Median absolute numbers of total leukocytes and lymphocytes were generally similar in the two groups; a limited divergence was found only for leukocytes on day 100 ± 8, which were 1.5-fold higher in the TCR/PTCY group than in the cTCR/TCD group. The number of CD8+ T cells was higher in cTCR/TCD-transplanted patients at all three time points, with a nearly 5-fold higher median cell count at day 180 ± 8 for cTCR/TCD patients compared to the TCR/PTCY patients. In contrast, the recovery of CD4+ T cells was more pronounced in the TCR/PTCY group at all three time points; this divergence was most impressive on day 100 ± 1, when TCR/PTCY-transplanted patients had more than 2-fold larger numbers of CD4+ T cells than cTCR/TCD-transplanted patients. In addition, in the TCR/PTCY, NK-cell recovery on day 100 ± 8 was 2.3-fold higher, and B-cell recovery on day 100 ± 8 was 7.1-fold higher and 2.1-fold higher on day 180 ± 8 (Fig. 1).

Fig. 1
figure 1

Recovery of lymphocytes and subsets after haplo-HSCT (median absolute cell count/μl) in the cTCR/TCD versus the TCR/PTCY group

Occurrence of viral pathogens and virus infection

Cumulatively, 139 occurrences of virus infection were observed (Table 2), 71 of them asymptomatic, 68 symptomatic, and 20 associated with disease (Table 3). Virus infections affected 46 of 55 patients, whereas no virus infection was detected in nine patients only. In recipients of a cTCR/TCD graft, viral pathogens were detected more frequently than in recipients of a TCR graft using PTCY. Cumulatively, 87 occurrences of viral pathogens were identified in 27 patients (96 %) of the cTCR/TCD group. Within these occurrences, 51 patients were symptomatic or developed disease (n = 17). In the TCR/PTCY group, 52 occurrences were seen in 19 patients (70 %), 17 symptomatic or suffering from disease (n = 3) (Table 3).
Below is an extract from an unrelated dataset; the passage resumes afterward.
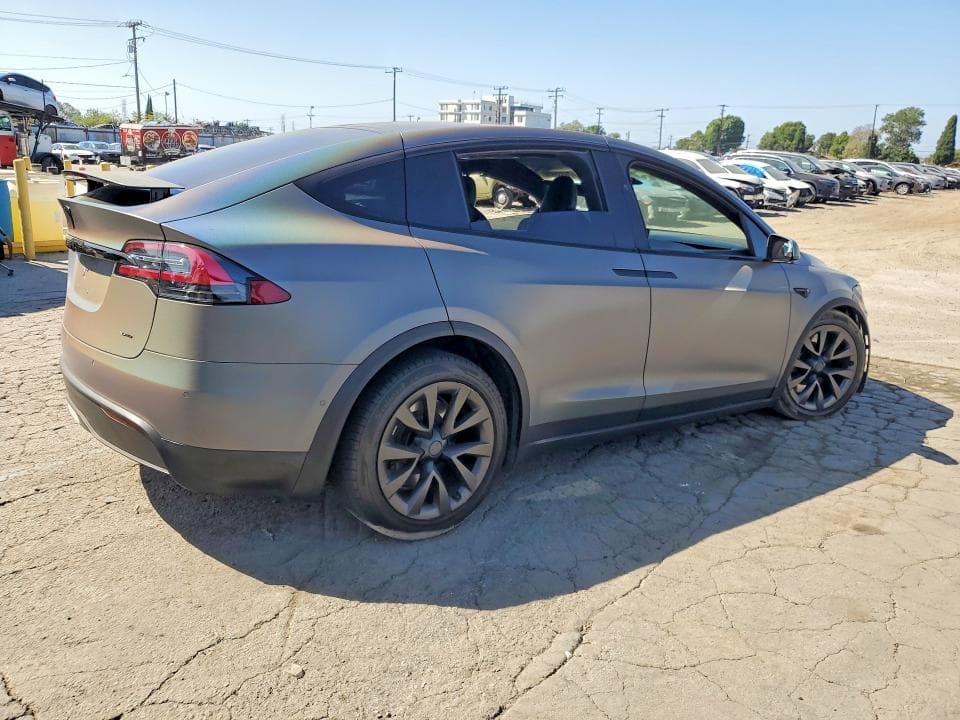 2022 TESLA MODEL X 3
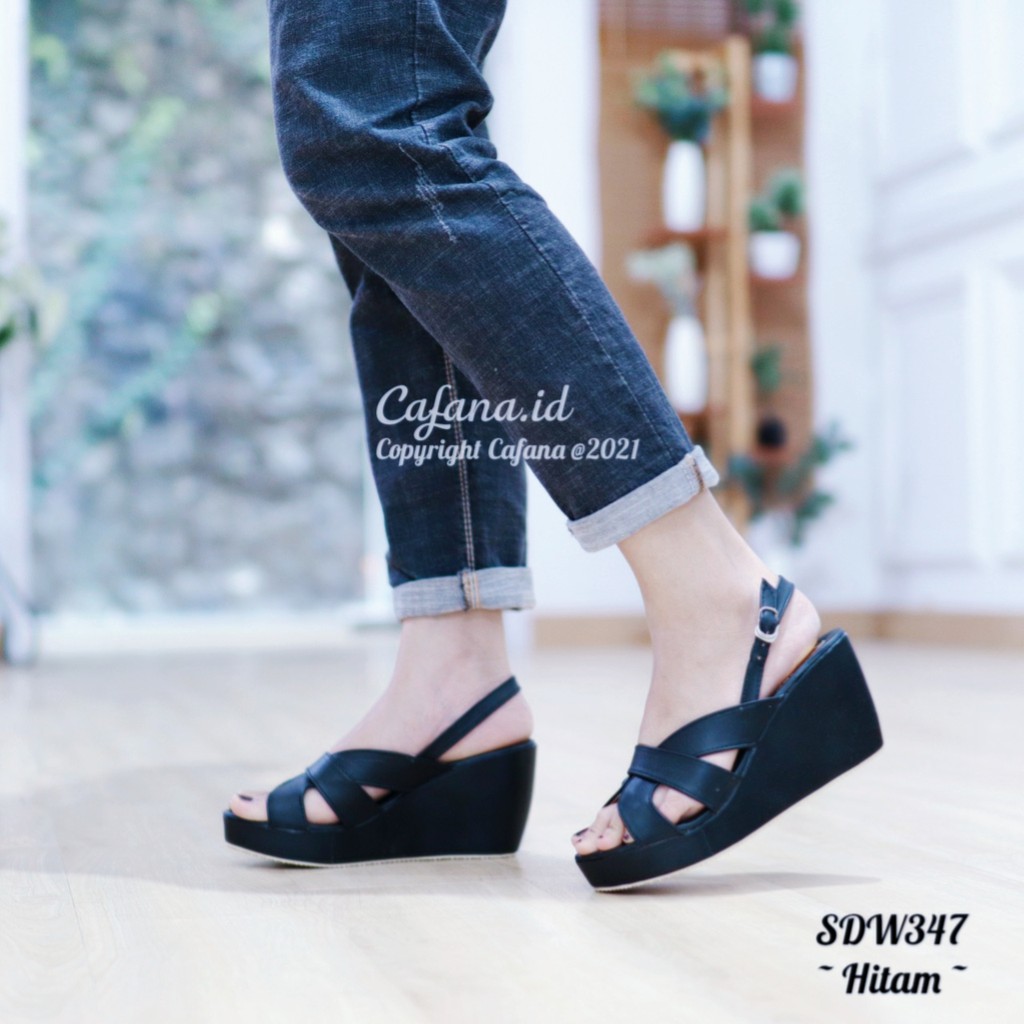 Wedges Wanita Slop Zafira SDW347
Table 2 List of detected viral pathogens (n = 139)
Table 3 Virus infection—analysis per virus type and transplantation approach (cTCR/TCD versus TCR/PTCY)

The most frequently observed viral pathogens across both groups were HHV-6, polyomavirus JC/BK, EBV, CMV, HSV, and ADV (Table 2). In particular, symptomatic virus infection and disease were induced by the Herpesviridae HSV, VZV, CMV, EBV, and HHV-6 in 26 patients (93 %) of the cTCR/TCD group, but only in six patients (22 %) of the TCR/PTCY group. Besides the occurrence of HHV-6, for each of these Herpesviridae, the incidence of virus infection-related symptoms and disease was distinctly higher in the cTCD/TCR than in the TCR/PTCY group (Table 3).

Detection of individual viruses, associated symptoms, and disease

Detection of HSV (oral lavage, BAL) was presumably associated with prolonged stomatitis in four patients and pneumonitis in one patient of the cTCR/TCD and with prolonged stomatitis in two patients of the TCR/PTCY group.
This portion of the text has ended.